I'm attempting to get over it and look at things objectively. I live in a 500 square foot apartment. It's perfectly big enough for me but I firmly believe that an apartment isn't the best place for an active dog to live. They need space to run. An apartment with a 10 foot strip of grass outside that happens to run along a major state road is not ideal. I'll need a house with a yard and possibly a fence.

I'd also need to be home more than I am. I leave by about 8:15 in the morning. At least 2 nights a week I work until nearly 10, and for large portions of the weekend I'm out and about being awesome. Bringing a puppy into this kind of schedule would be like asking to give up my security deposit, not to mention really unkind to the puppy.

So where does this leave me?

Without a puppy.

But, that said, I'm pretty determined to change things so that I can work only 1 job, buy a house, and pay for a pet nanny to come in and walk her when I'm not home. To me that means: 1. Finish my book. 2. Sell my book. 3. Do everything in my earthly power to promote my book so that it sells to the general public. 4. In the event that doesn't work, take really drastic measures, like say, goat sacrifice (although I've got nothing against goats, per say). Something has to work, hopefully before innocent barn animals go missing.

Thursday, January 5, 2012





So this was me in 1993. Yes, I wore that hat in public. No, I had no idea it looked that bad. Yes, I'm aware that but for smaller glasses, an absence of unfortunate hats and turtlenecks as fashion choices, I haven't really changed that much. Let's just get that out of the way.

Moving on.

So here's what's been turning me into a judgmental bitch lately - those "before I die" or "someday" photos online. You may or may not have seen them depending on how much time you spend online. Basically, it's a soft-focus color-saturated photo of something, say, a tray of cupcakes, with words over them, say "Own a bakery." I've seen them posted on a few different websites (mostly through Pinterest, world's best time suck).

When I first started seeing them, I kind of liked them. I too would like to state a desire to visit Prague over a lovely shot of the Charles Bridge. Like so:


See, nice. Aspirational goal, entirely possible, but just expensive enough to be currently out of reach.

The judgmental bitch part comes in when I start seeing really stupid goals. Here are some I've re-created to show you what I mean.:



Really? This is your goal?

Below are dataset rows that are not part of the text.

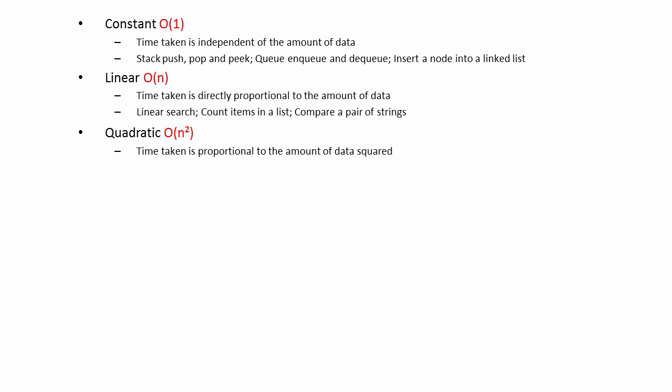A program that scales with quadratic complexity can be unusably slow with large amounts of data. Examples include the bubble sort and the insertion sort, and traversing a two-dimensional array.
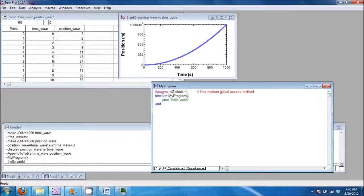To do this, we decide we would like to pass the two waves to the function. Type the names of the two waves into the space between the parentheses and separate them by a comma.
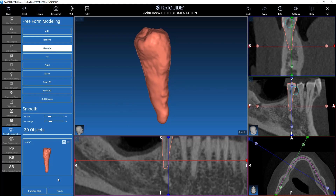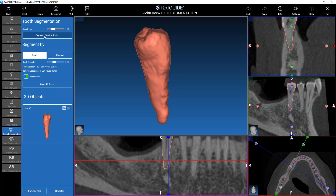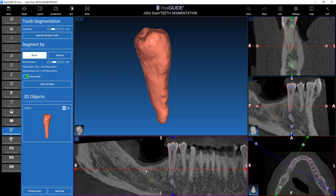If you click on Finish, we finish the segmentation process. If you go to Previous Step, we can click on Segment another tooth and the new command becomes active.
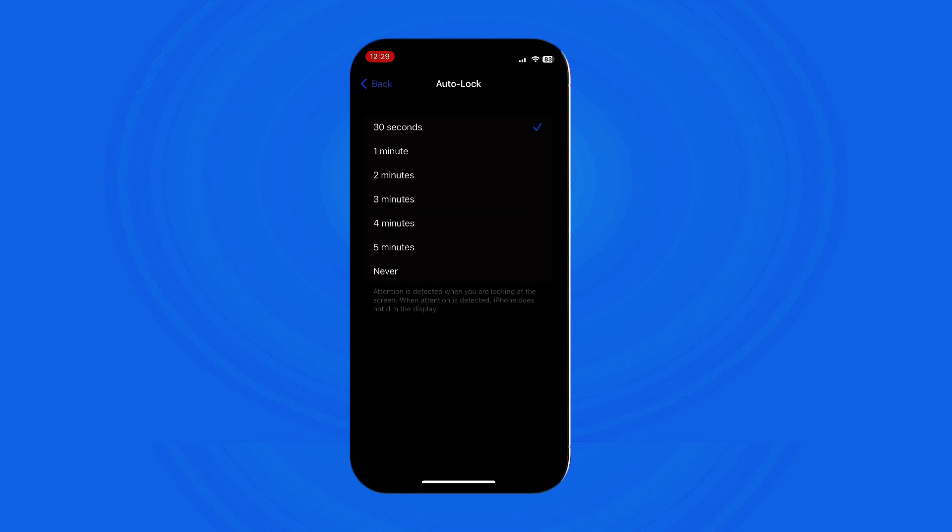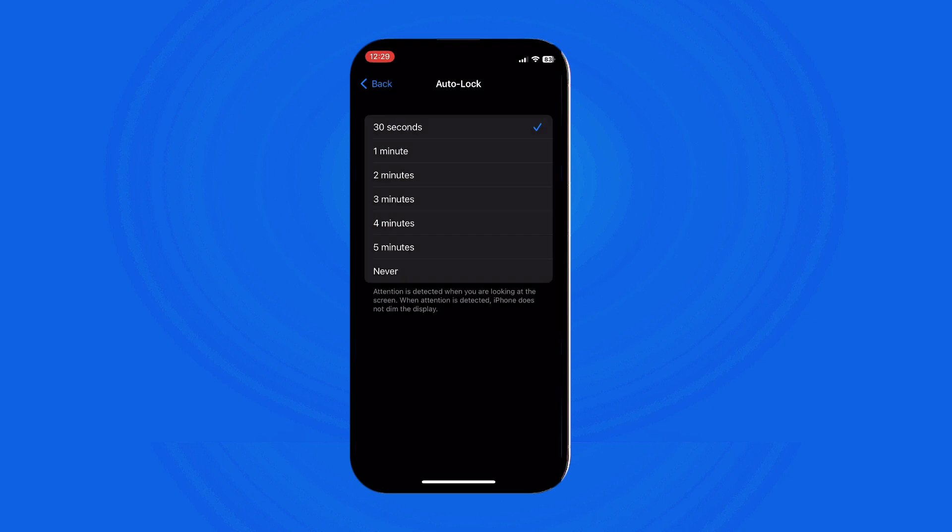Remember to choose a balance between convenience and security, and avoid setting it to Never unless you fully understand the implications and potential risk of keeping your screen unlocked indefinitely. I hope this video helps you out.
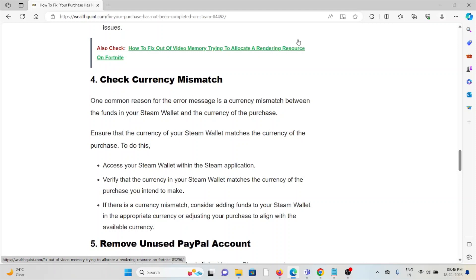Ensure that the currency of your Steam Wallet matches the currency of your purchase. Access your Steam Wallet within the Steam application and verify the currency in your Steam Wallet matches the currency of the purchase you intend to make.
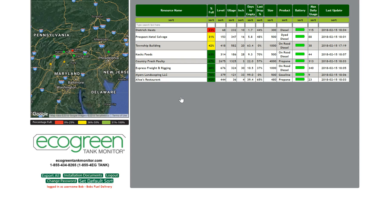EcoGreen orders are a subscription, which gives you everything you need: software access, tank monitoring hardware to install on the tank, and the mobile data communication, which updates the tank level every two hours.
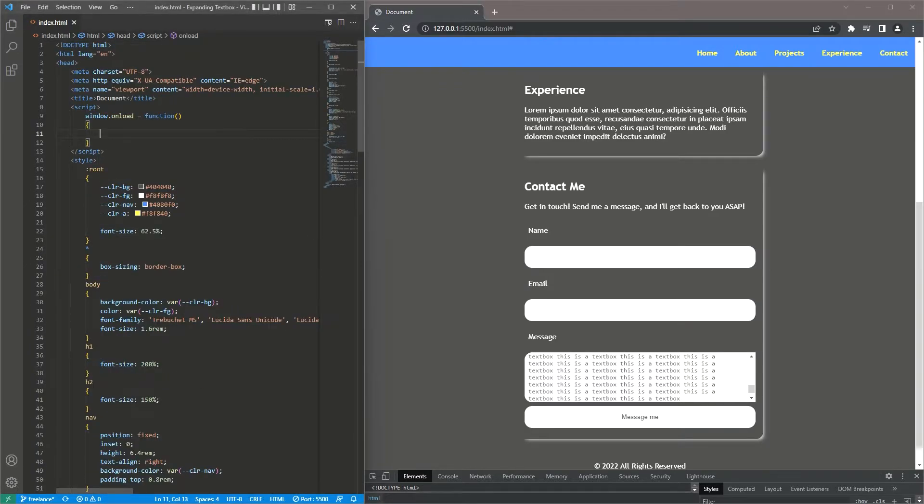To counter that I'm going to use four lines of JavaScript so as we're typing into it it will resize to fit all the text into it.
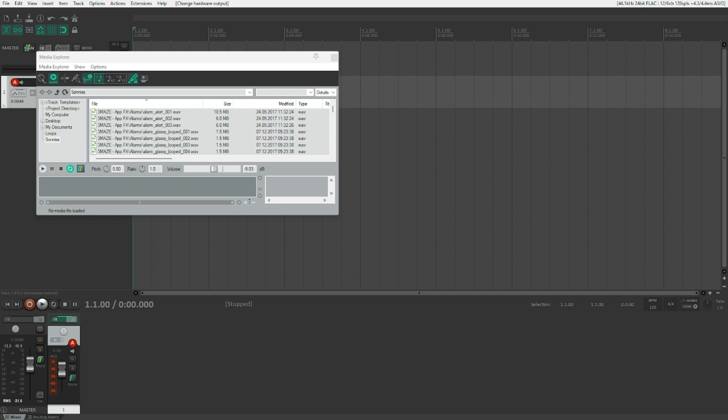Well, there is a solution to the problem within Reaper, which is called Retrospective Recording and we're going to take a look at that right now.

Unless you've got a stash of magic hats in your coat closet, Frosty is not coming to life, Sweetie.

Wait, it gets worse:


Seriously? Seriously. For God sakes, if your dream is to work at a store, GO PUT IN AN APPLICATION. And then get some better dreams because that's pathetic.

Most of the ones that annoy me are clearly written by teenagers with desires to meet celebrities and get tattoos. But I suspect a fair few are written by adults with nothing better to do and very little natural taste or discernment.  If you want a tattoo or purple hair or to own a Chanel purse, save your money and get to the salon or the store or wherever. Just do it already.

Of course I say these things, and then I feel bad because what if that girl posting about working at Hollister is ugly and would never get hired there... I mean she can't help bad DNA.  Oh, but wait: GET BETTER DREAMS.

Perhaps because my parents raised me to believe I was awesome without touching base with the reality of being short, fat and four-eyed, I continually fail to understand why people dream so small. Dreams should be big and over the top. If they're not, how are they ever worth dreaming in the first place?